“Un día voy con mucho dolor en un hombro al osteópata, que me hace notar todo el estrés que tenía y me sugiere que 𝒍𝒆 𝒑𝒐𝒏𝒈𝒂 𝒆𝒍 𝒄𝒖𝒆𝒓𝒑𝒐 a mi proceso de terapia" dice Mariela, de 33 años, en un testimonio ofrecido al diario Clarín (10/08/22)
Nos venimos preguntando si es posible llevar a cabo un análisis fuera del espacio real del consultorio. Si la virtualidad otorga las condiciones suficientes para que la experiencia analítica tenga lugar. Pero, para que ese lugar “se tenga”, se origine -más allá del lugar físico- se necesita de ciertas circunstancias, escenarios, que exceden lo físico.
Cuando se habla de la presencia del analista y del analizante, hay una referencia al cuerpo. ¿Pero qué cuerpo?
El cuerpo del hablante es mucho más que esa superficie que encierra una complejísima interioridad biológica. Es en parte, ese cuerpo que se ofrece a la mirada del analista, con sus síntomas, sus goces, pero, puesto que se privilegia la palabra, el analista está en estado no sólo de abstinencia, si no, en “estado de ausencia”. El cuerpo para el psicoanálisis excede la dimensión extensa: es un cuerpo de consistencia no homogénea (real, imaginario, simbólico anudados), investido libidinalmente, donde sus bordes y agujeros –además de conducir a un interior anatómico- constituyen zonas erógenas de asiento de las pulsiones, de satisfacciones de necesidades y deseos, sustancia gozante (de goces articulados o no a la castración), cuerpo de veladuras – digamos morales- y veladuras fálicas. El cuerpo se crea a partir de una consistencia de tres, de un anudamiento o encadenamiento, que, sin él, no seríamos más que una piel que en su saco sostiene un montón de órganos.

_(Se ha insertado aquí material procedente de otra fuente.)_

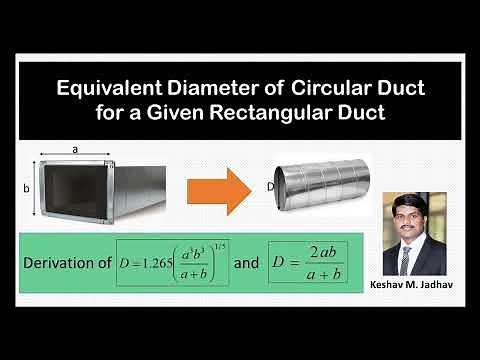 Derivation of equivalent diameter of circular duct for a given rectangular ducts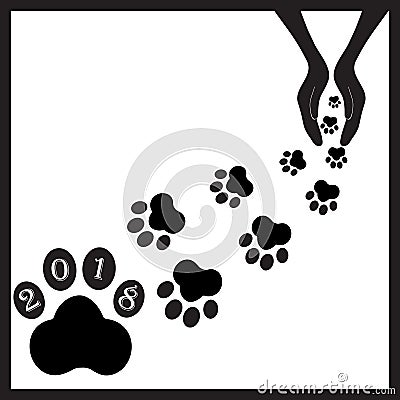 Black footprints dogs in hands1 Vector Illustration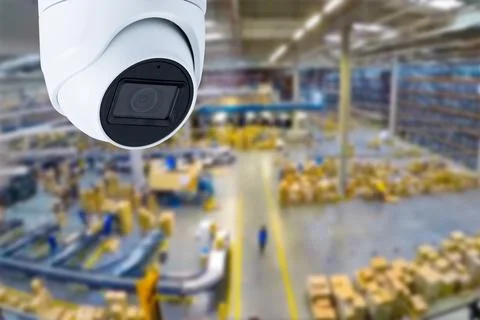 CCTV Camera or surveillance operating inside industrial factory. Stock Photos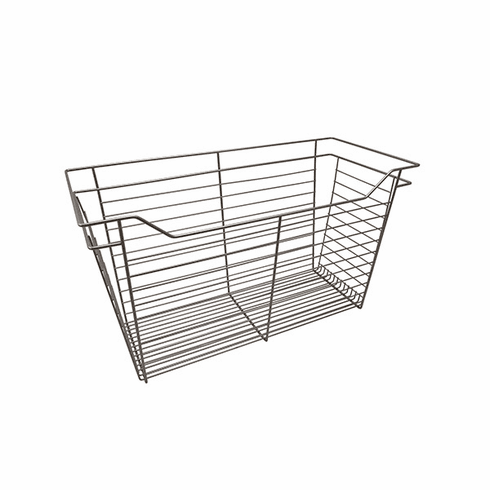 Hafele Wire Closet Basket, with Full Extension Slides, Matt nickel, 14" x 29" x 17", with nickel-plated 14" slides, Item# 547.41.638, 54741638, 547-41-638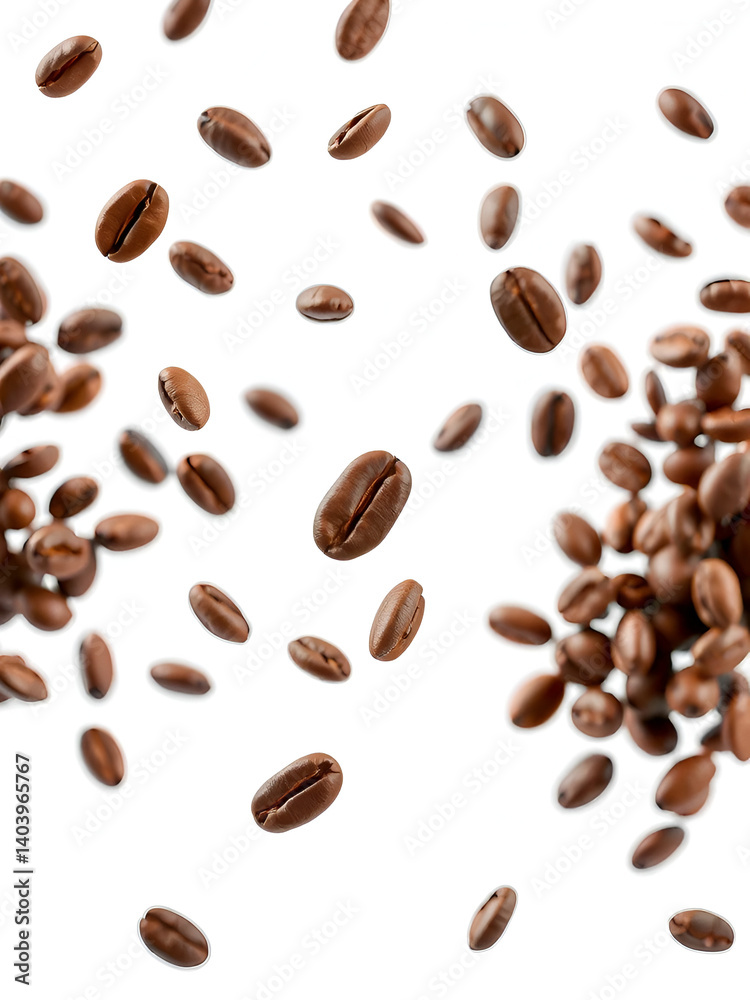 Floating coffee beans on a transparent background PNG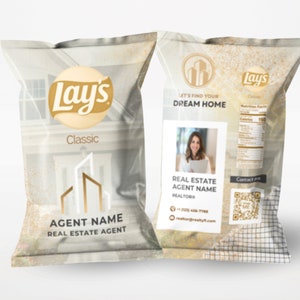 Real Estate Open House Favors Chip Bags Personalized, Marketing Ideas Realtor Open House Giveaway Gifts for Clients Treats, Chips included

Topológicamente el cuerpo no es una esfera (como en la medicina) sino, más bien, una estructura tórica (L'Insu que Sait de l’ une-bévue s'aile a Mourre, 18/11/76). Existe un Real del cuerpo, tanto como el Imaginario de su representación mental (Subversión del sujeto y dialéctica del deseo (1960)) en una imbricación con la palabra que conforman a ese cuerpo simbólico. El lenguaje tiene cuerpo –incorporal- que da cuerpo (Radiofonía, 1970), que permite nombrarlo o tenerlo a partir de un yo que lo dice. Por eso, “hay un cuerpo imaginario, un cuerpo del simbólico, y un cuerpo del real del que uno no sabe cómo él sale” (L’Insu). De modo que, ese cuerpo, este cuerpo del psicoanálisis, puede prescindir del cuerpo dado ahí, en la cercanía espacial. El cuerpo está presente y es transportado por la palabra de un sujeto que habla, sobre todo, ausentado de la mirada, como cuando se habla a las paredes, donde el otro (Otro) se ausenta a su vez en la experiencia clínica, donde “clinicar” es acostarse o, por lo menos, hablarle a las paredes, a nadie, que es cuando se dice mejor lo que se enuncia y se escucha mejor; donde ese algo que se dice, sea un decir, algo que importe en lo real, discernido por el analista que lo sanciona.
Dicho esto, sabemos que en un análisis, el analista y el analizante ponen el cuerpo. La cuestión es, según el deseo del analista (deseo del analista/deseo de un analista), y el deseo del analizante -encarnado en una demanda de análisis- que pongan el cuerpo de la mejor manera, según ese deseo.